Thursday, June 14, 2018

Year 11 Advanced English: reflection statement. Examine and reflect on how your reading and analysis of James Joyce's book Dubliners and working collaboratively influenced you when making decisions about writing your own imaginative texts. The task is not an essay, and you are encouraged to write using your personal voice.

As the question itself states, you are not being asked to write an essay here. A "reflection statement" should be your personal reflection on what you have learned from your reading and from your experiences of working collaboratively in your lessons. As such, yours should be different to your classmates'. However, in terms of thinking about how to structure your reflection and what to include, it might be useful to begin by revisiting the source text, James Joyce's Dubliners, and how it may be different from other texts you have read.
Dubliners is not a novel but a collection of short stories which, put together, create a diverse and vivid impression of Dublin at a particular point in time. One of the most interesting aspects of Joyce's style is that he does not confine himself to any particular pattern of writing. On the contrary, he adapts his style, and the person in which he writes, to whatever context he is trying to describe. So, in "The Sisters," Joyce uses a first-person narrative; likewise, "Araby" is written in the first person. "Eveline" is written in the third person. We might ask ourselves, then, why Joyce makes different decisions about which person to use, depending on the story. How would "Eveline" have been different if it had been written in the first person? We could argue that writing it in the third person increases the sense we have of Eveline being removed from the world, "watching the evening" rather than participating in it. If you were to write an imaginative piece yourself, would you write it in the third person or the first person? You might reflect on how Joyce changes which person he uses and how this inspires you to make such creative decisions yourself.
Another key characteristic of Joyce's Dubliners is the wealth of detail Joyce introduces to the scenes he describes, and yet without ever elaborating too much upon what he is showing. Joyce's writing is the epitome of showing rather than telling. At the beginning of "Araby," for example, the narrator says, "The former tenant of our house, a priest, had died in the back drawing-room." He does not, however, elaborate at all on how this may have made the people in the house feel, whether it was an uncommon occurrence, or anything to that effect. Instead, it is left to the reader to interpret what this means about this part of Dublin at that time and how we should feel about it. Or, in "After the Race":

The five young men strolled along Stephen’s Green in a faint cloud of aromatic smoke. They talked loudly and gaily and their cloaks dangled from their shoulders. The people made way for them.

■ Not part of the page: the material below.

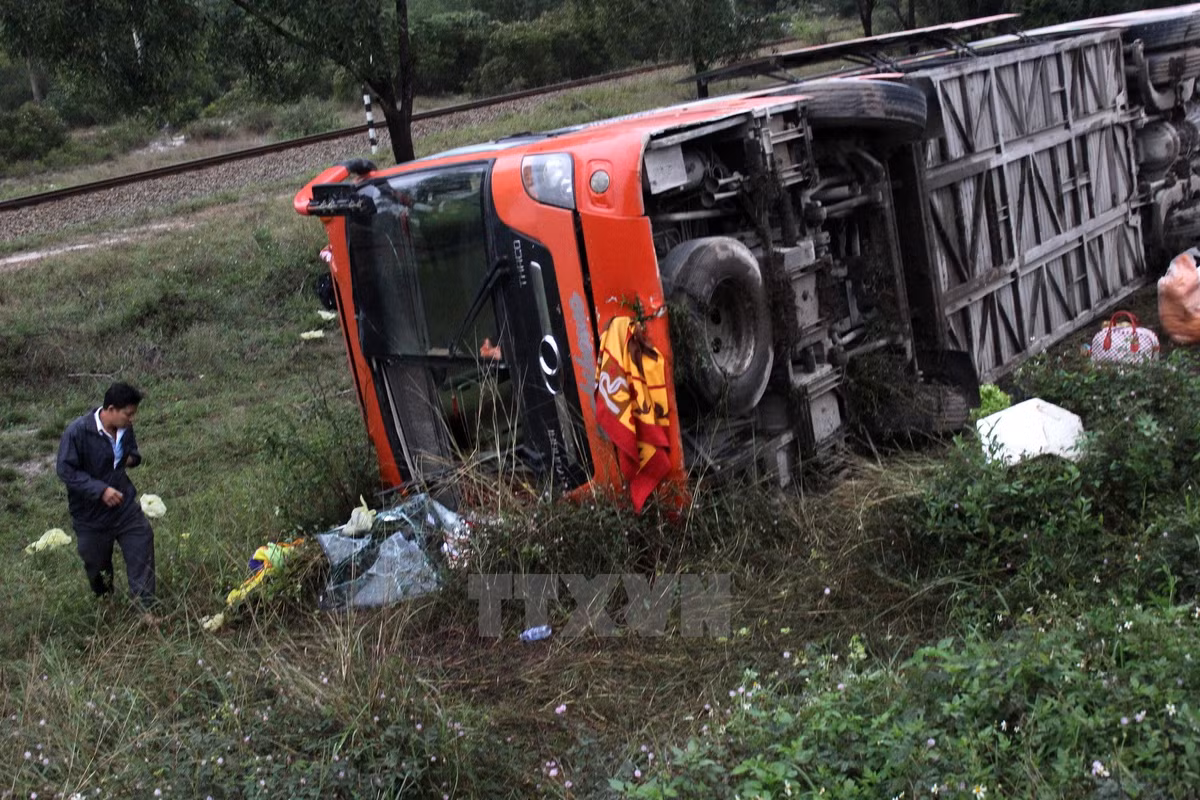 Ha Nam: Lat xe khach tren Quoc lo 21B, 7 nguoi bi thuong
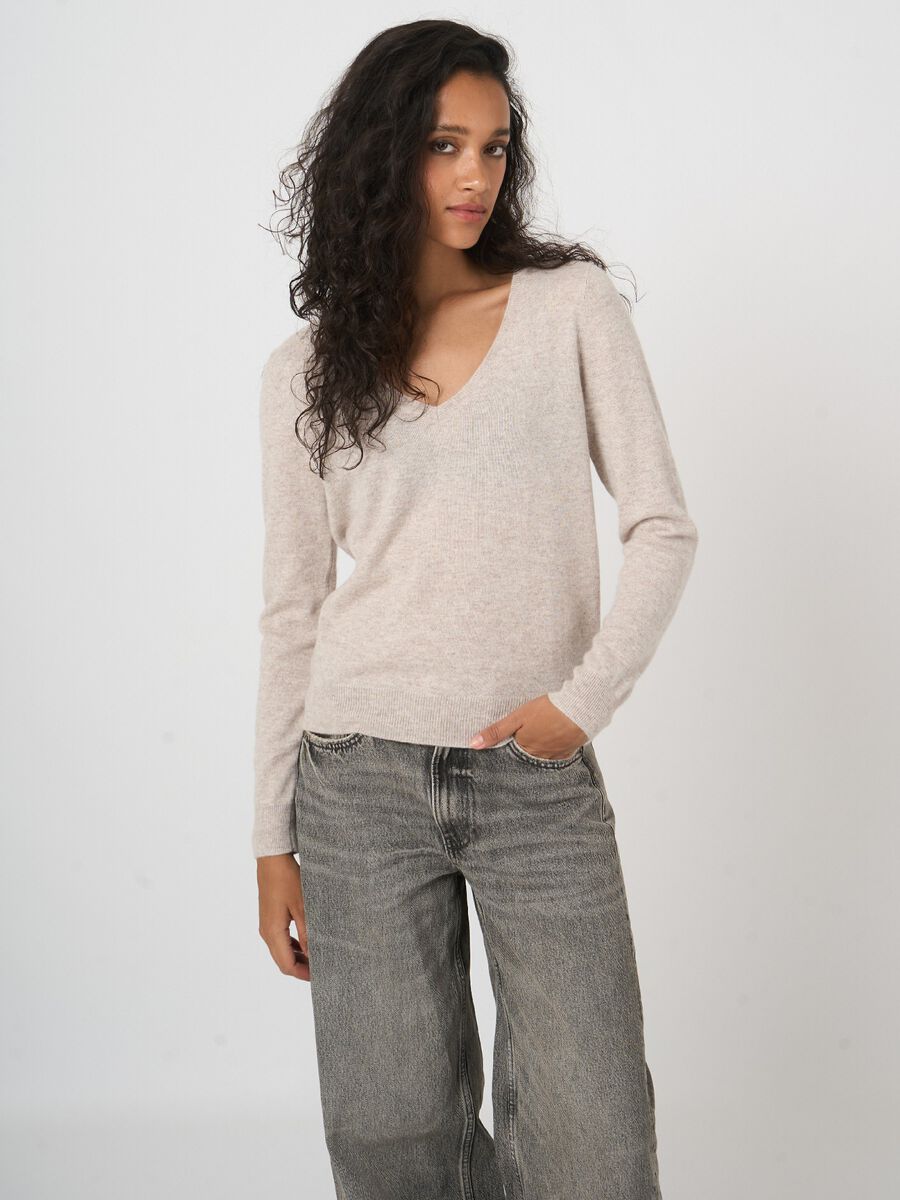 Damestrui met v-hals van organisch kasjmier image number 1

Why do the people make way for them? How does Joyce convey, without the excessive use of elaboration or adjective, what impact these five young men have upon the crowd? And how does this inspire you, perhaps, to convey a sense of place more concisely than you might previously have done in your own writing?
You may also take inspiration from other aspects of Joyce's writing in this collection of short stories, such as his unflinching incorporation of the darker parts of Dublin into his work—he does not want to present a rose-tinted view of what he is describing. This is something that could influence your own writing choices.
Moving on to the issue of working collaboratively, I would encourage you to consider what in particular you worked on collaboratively and how this affected your thinking. Did you work together to analyse particular stories from Dubliners? Did you, for example, derive inspiration from your partner's ideas to look at the stories in different ways? Or have you been working collaboratively on writing imaginatively? In this event, you might focus upon how your partner's stylistic choices have influenced yours. Joyce himself was influenced by, and exerted his own influence upon, other writers in his circle. His style developed through his association with other Modernist writers, from whom he borrowed techniques and ideas. Have you borrowed ideas from one of your classmates? Is there anything about someone else's writing which you find particularly inspirational or effective and which you might like to incorporate into your own imaginative work?
In many ways, analysing a text and working with another writer are both forms of collaborative working. While James Joyce will never know what you have taken from his work, and the influence is a one-way system, you can derive inspiration from his writing style in the same way that, with a partner, you can each influence and inspire each other. This question is simply asking you to consider how Joyce and your classmates have influenced you: what has inspired you, what have you learned, and how will it impact your writing in the future?